Besides, it is likely that an operation in Syria would trigger the revival of ethnical tensions in Syria as well as in the entire near East. Communitarian and ethnic issues are an eternal concern in the region since the dismantling of the Ottoman Empire. Tensions in the region are profound among the different communities that inhabit the region, among them Arab, Kurdish, Armenian, Druze, Assyrian, Circassian, or Jewish.
Internal reasons and the new faces of NATO
Critical internal reasons also explain why NATO is not willing to intervene in Syria. First of all, under the rhetoric of NATO's official many questions remain about the veritable success of the operation in Libya. These interrogations arise in the strategic and in the military field, but also arouse in the ethical debate regarding the death of Muammar Gaddafi, the commitment of the National Libyan Council to implement democracy and the legitimacy of the operation in Libya.

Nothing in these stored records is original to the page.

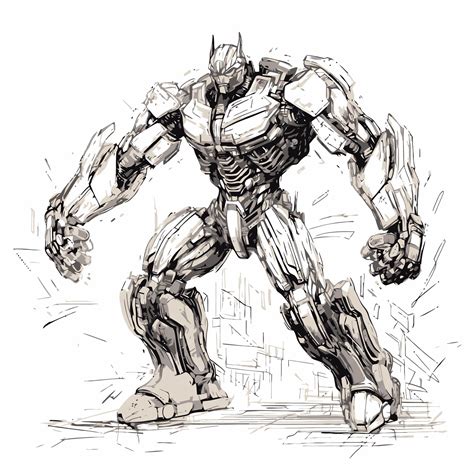 Image result for Fight Base Drawing Robot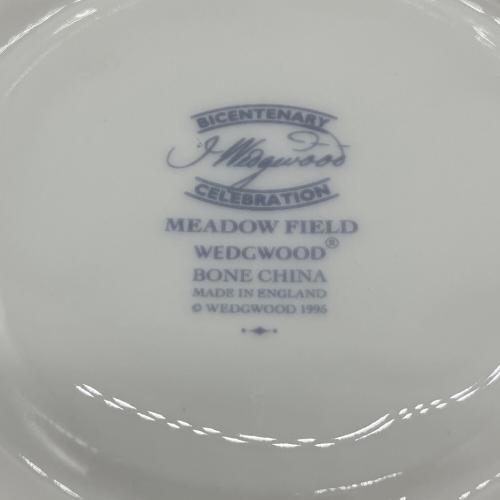 Wedgwood (ウェッジウッド) カップ&ソーサー MEADOW FIELD
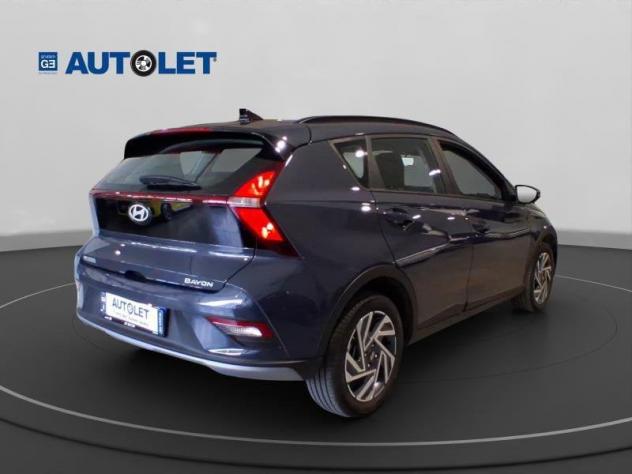 Hyundai Bayon 2024 1.0 t-gdi Xline 100cv mt - Foto 7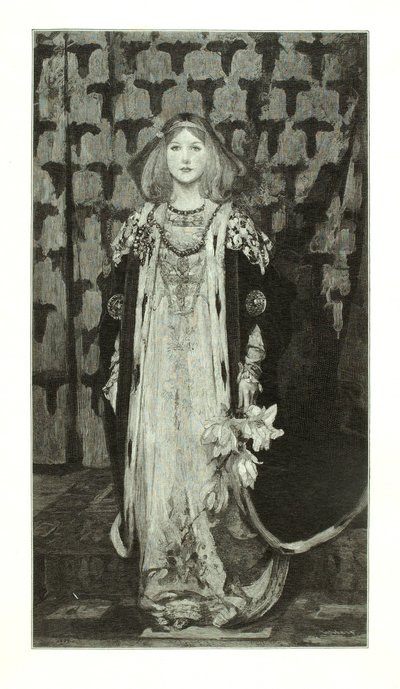 Magnolia alkotó: Henry Wolf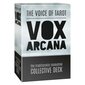 Taro kortos The Voice of tarot VOX Arcana kaina ir informacija | Ezoterika | pigu.lt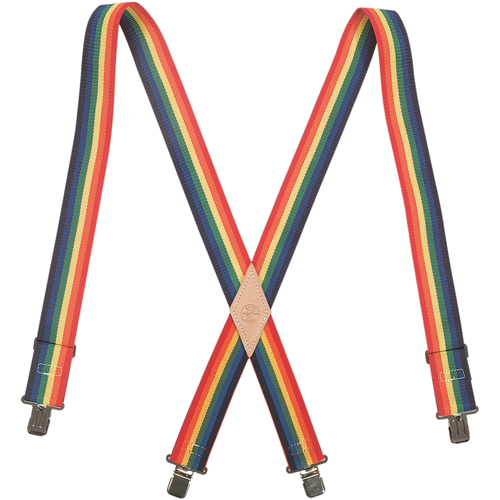 Construction Suspenders Haskins Industrial Inc.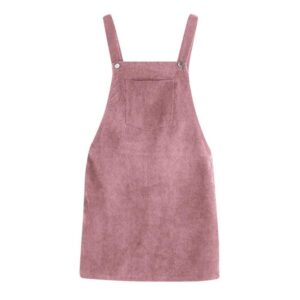 Kinky Cloth Dresses Overall Dress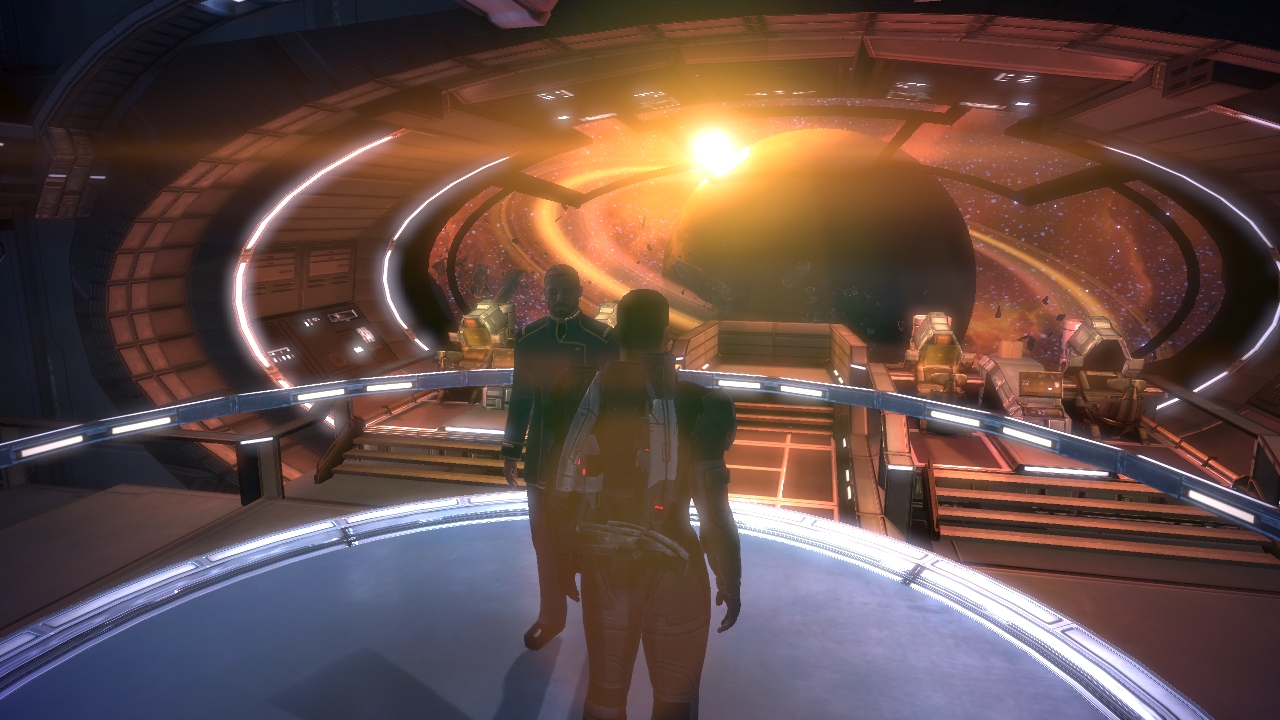 Mass Effect: Pinnacle Station Screenshot 7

Furthermore, from a strategic point of view, the operations in Libya revealed the NATO's dependency on the United States regarding its tactical military operations and overall military capabilities. Indeed, voices have risen to stress on the failure of NATO in Libya. Eventually, within the context of a fundamental reshaping of NATO, which most important chapter will take place this spring in Chicago, an intervention in Syria is completely off-board. The current top priority of NATO is the transition of security in Afghanistan on which the alliance focuses all its military and economics efforts.
In the context of fiscal crisis, NATO members have no option but to implement the smart security policy, a defence concept that aims to make a better use of all the existing resources. In less than 5 month NATO members will meet in Chicago in order to discuss the future of the alliance and with its thorny agenda it is likely that the members will not start any intervention in the Levant.